Le problème n’est pas, en soi, que les valeurs technologiques soient sur une trajectoire exponentielle qui nous rappelle la bulle des dot-com. Les investisseurs technologiques sont a priori des adultes responsables, conscients de risquer leur chemise en cas de fin de l’euphorie haussière.
Le problème est que la gestion indicielle concerne tous les acteurs économiques et que les indices ne sont plus capables de se libérer du poids des valeurs technologiques.
Mathématiquement, rien ne serait plus aisé que de baisser la pondération de ces titres devenus encombrants. Les organismes en charge du maintien des indices ont toute latitude pour en changer la composition et la formule.
Un tel rééquilibrage n’est pourtant plus possible.

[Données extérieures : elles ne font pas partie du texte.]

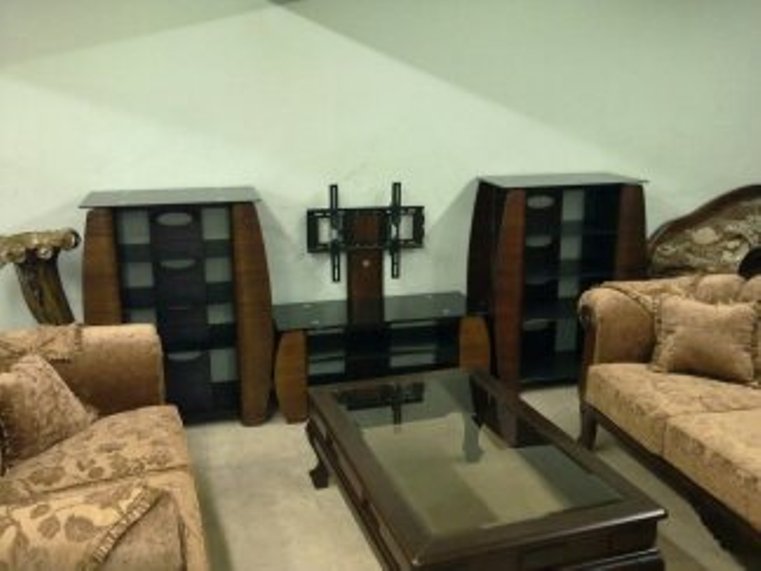 تصفية بوفية تلفزيون                                            


	 				لا تنسَ أنك شاهدت هذا الإعلان في عنكبوت            
	 				
                                معرض قلسطين palistin furniture _...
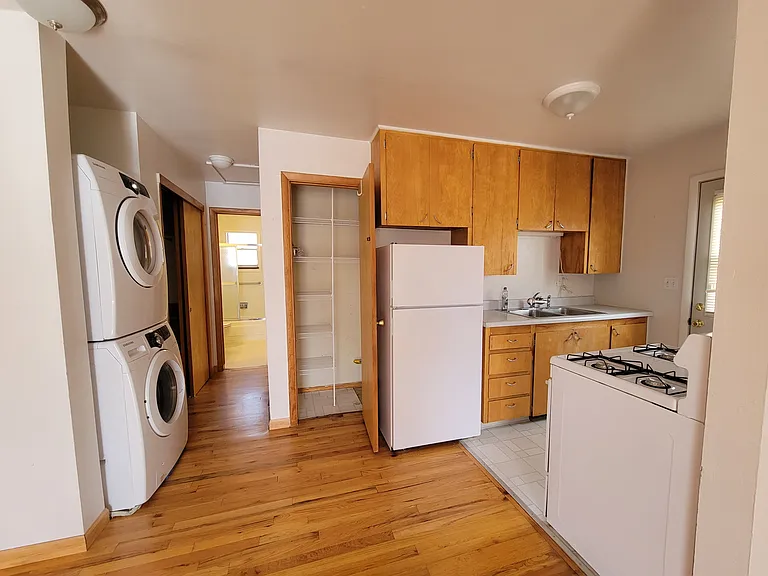 1128 Richmond Dr — Photo 2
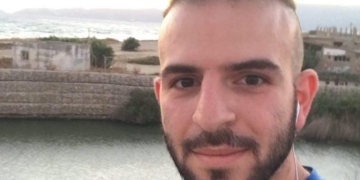 Θλίψη στο Ηράκλειο για τον χαμό του 28χρονου Μάνου Λαμπάκη – ”Να φοράτε λευκά ρούχα΄΄ η παράκληση της οικογένειας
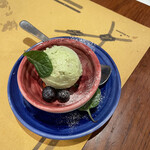 ソロ ノイ スルヌジェ - 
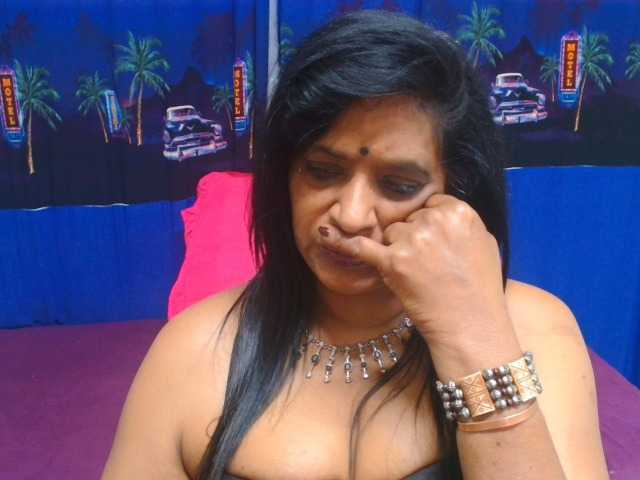 INDIANFUSION786 live cam on BongaCams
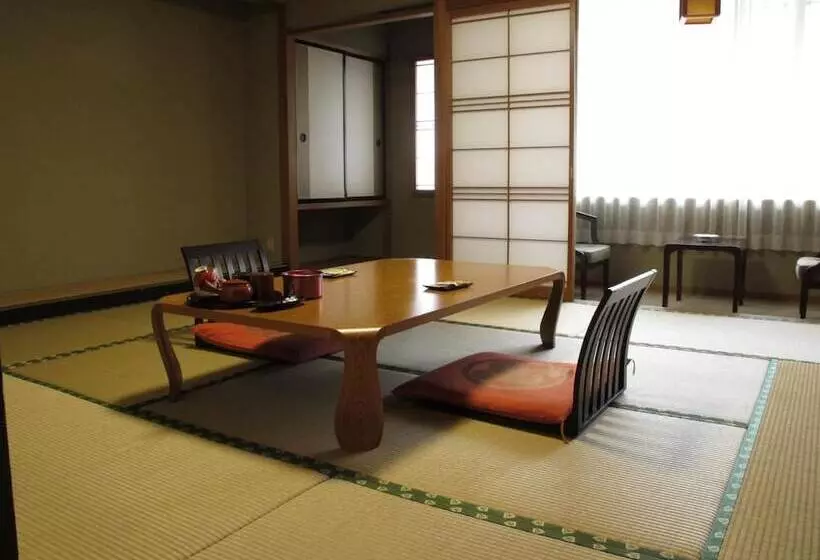 旅館 Sakaeya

La capitalisation des GAFAM a dépassé cet été les 6 400 milliards de dollars. Il n’y a tout simplement pas assez de liquidité dans les autres titres du marché pour absorber une telle somme si les gérants devaient rééquilibrer leurs portefeuilles passifs suite à un changement de composition des indices.
Tels les bilans des banques centrales, les cours des valeurs technologiques sont entrés dans une phase de hausse incontrôlée. Tout retour à la normale ne pourra se faire qu’au prix d’importants dommages collatéraux dans l’économie réelle. Si les GAFAM baissent, épargnants prudents, fonds de retraite, assurances-vies et mêmes banques centrales détenant des ETF seront ruinés.
Bien plus qu’en l’an 2000, la bulle des valeurs technologiques est une menace pour l’économie – et l’investissement passif de bon père de famille dans des ETF présentés comme diversifiés n’est en aucun cas une protection.